■ DIRECTIONS FOR THIS TASK
An exact copy of the entries below is required, with all pictures removed.

■ RECORDS SHOWN
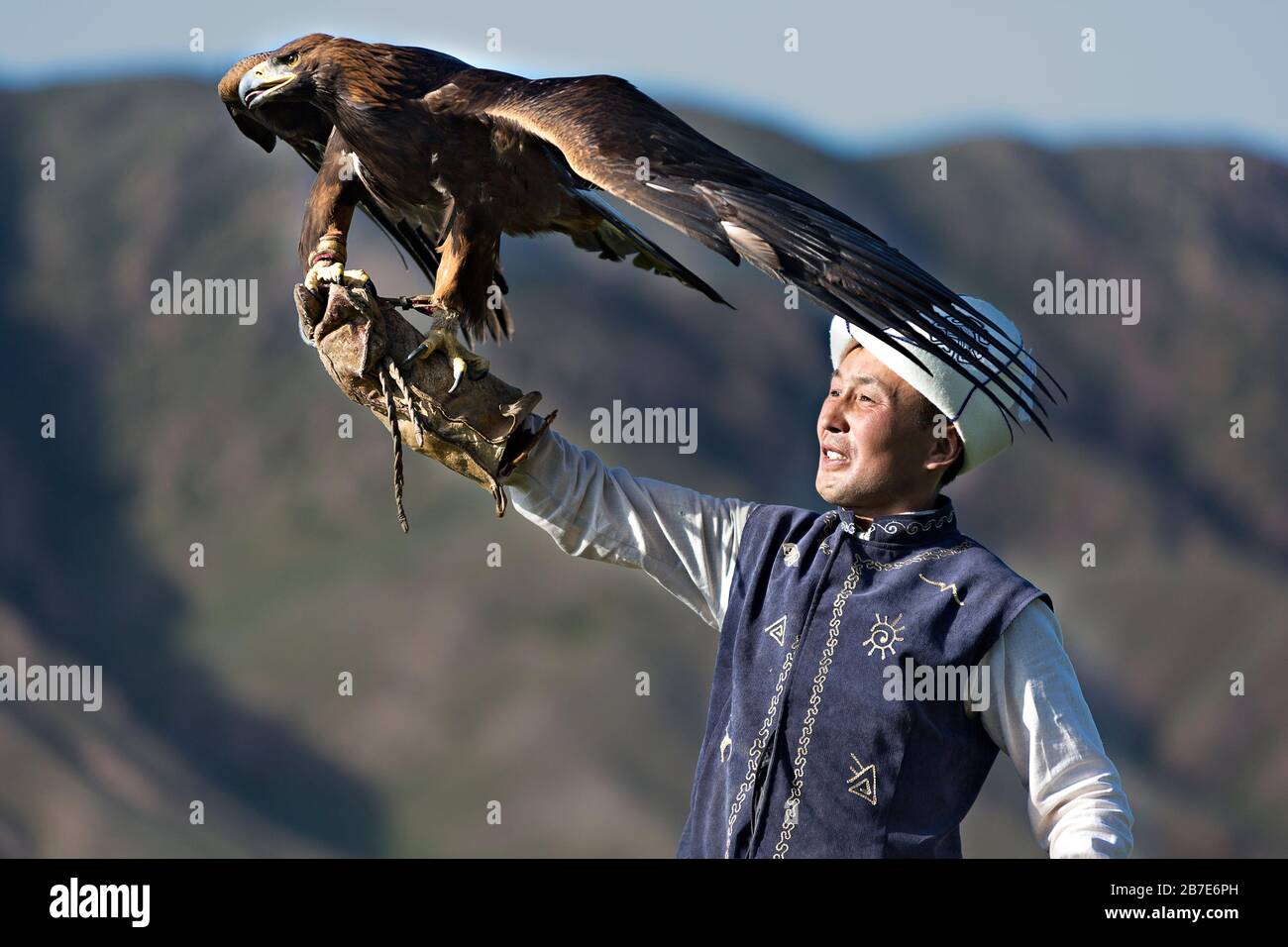 Golden eagle trainer holding his eagle Issyk Kul Lake, Kyrgyzstan Stock Photo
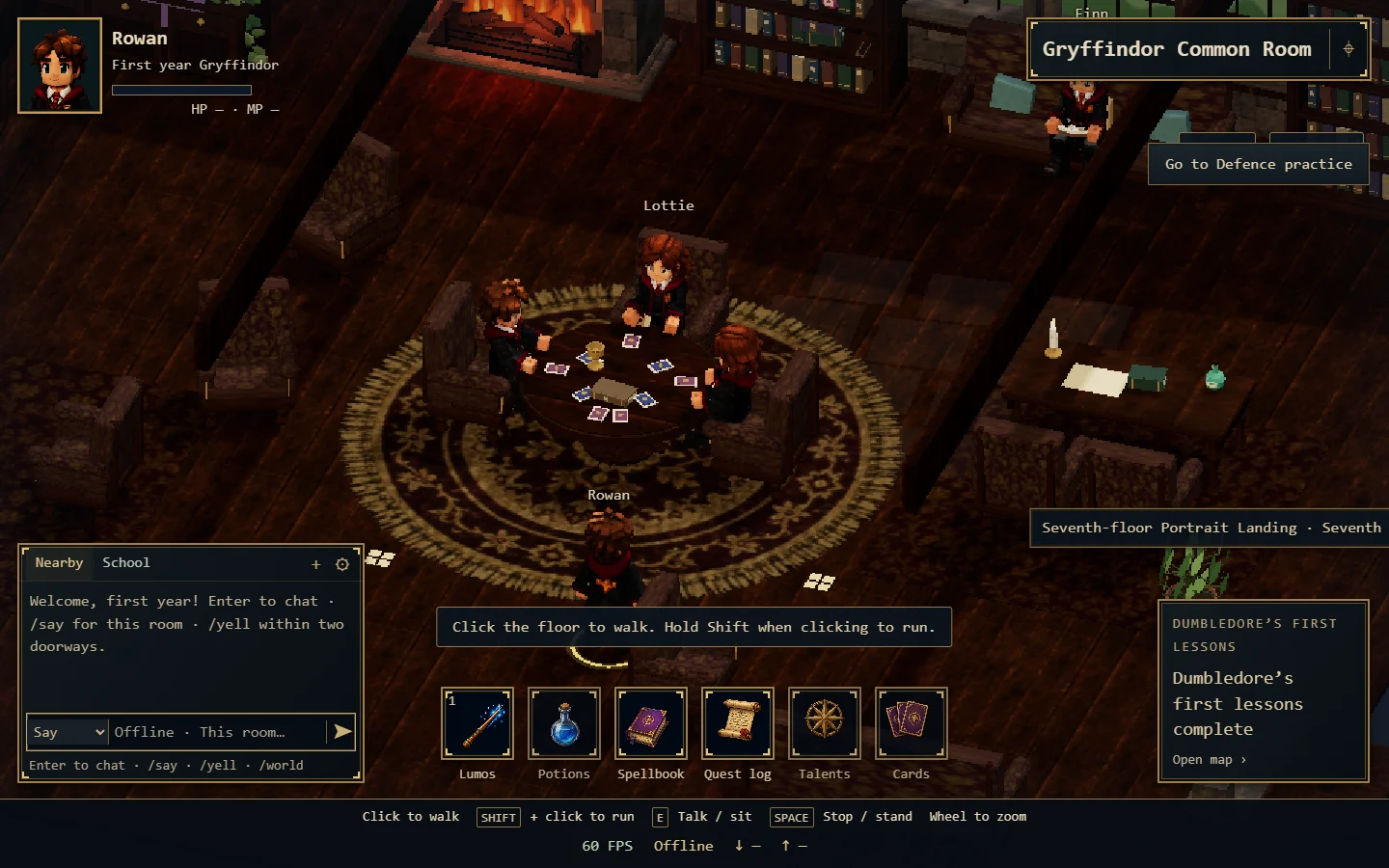 Students gathered around a table in the warm Gryffindor common room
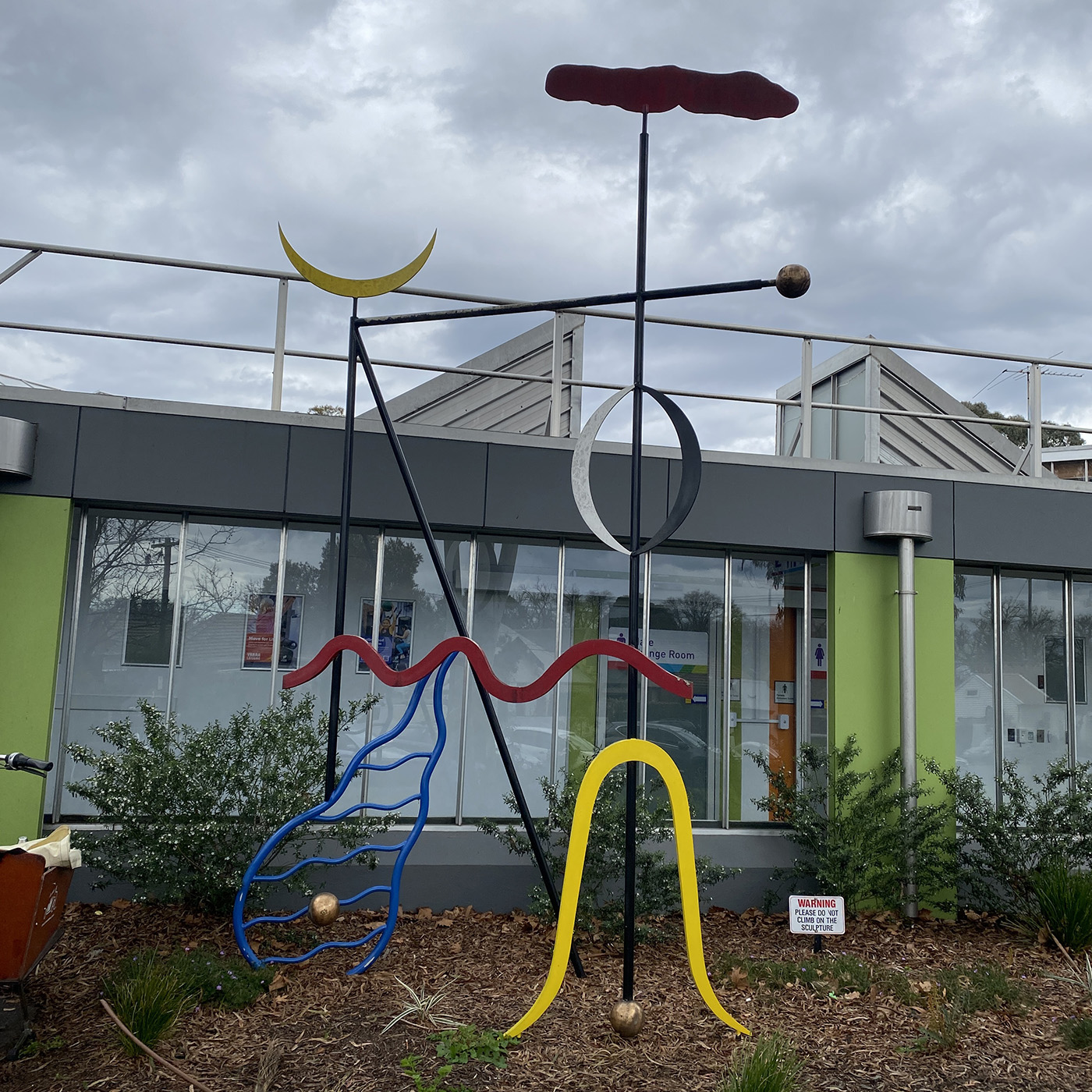 hustling - exercise accountability partner job - coloured metal sculpture outside city of yarra gym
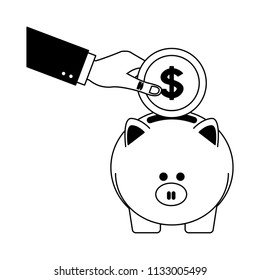 Hand inserting coin to piggy black and white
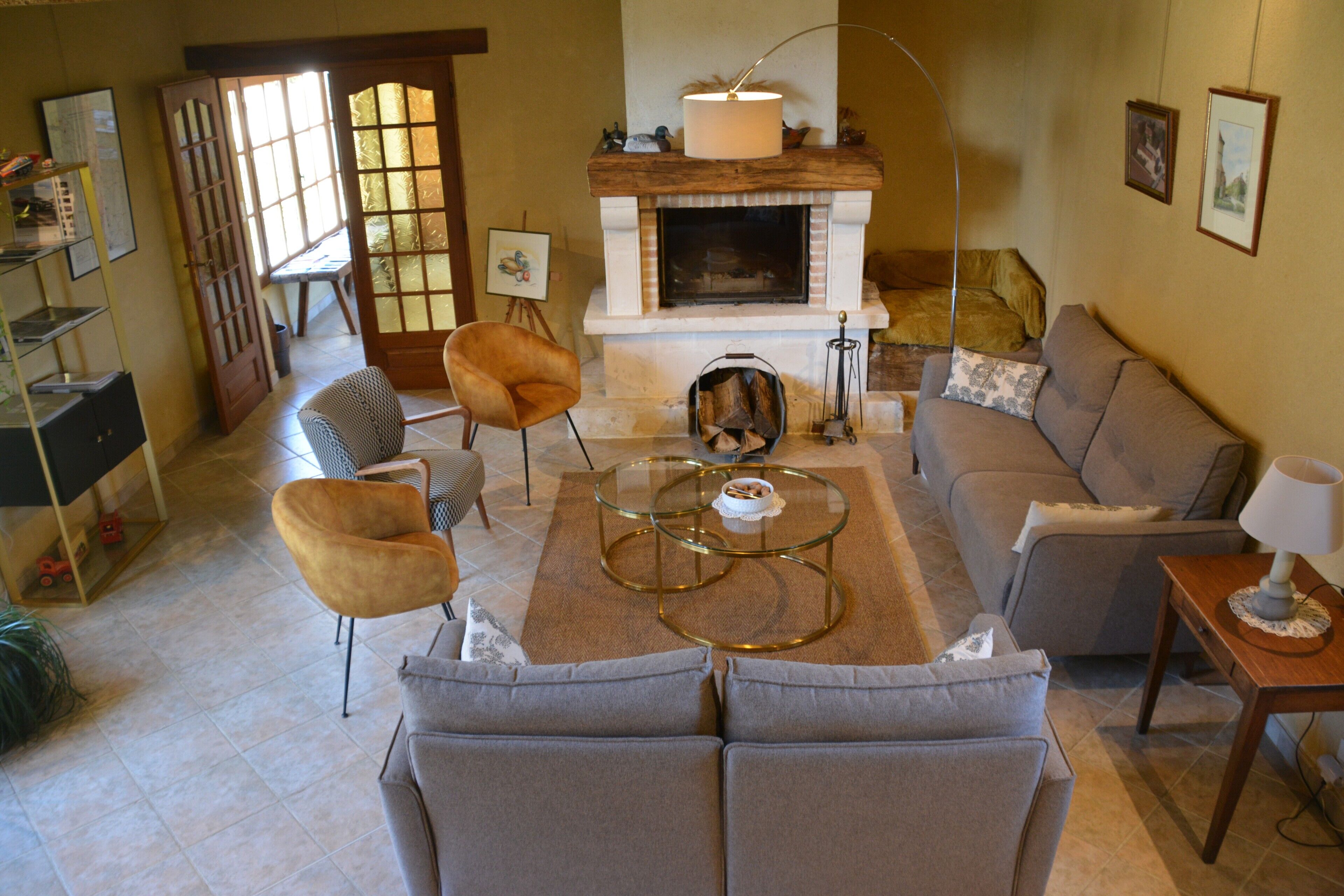 A living room with a fireplace, sofa, armchair, coffee table, and a side table with a lamp.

■ ANSWER FOR THIS EXERCISE
 Golden eagle trainer holding his eagle Issyk Kul Lake, Kyrgyzstan Stock Photo
 Students gathered around a table in the warm Gryffindor common room
 hustling - exercise accountability partner job - coloured metal sculpture outside city of yarra gym
 Hand inserting coin to piggy black and white
 A living room with a fireplace, sofa, armchair, coffee table, and a side table with a lamp.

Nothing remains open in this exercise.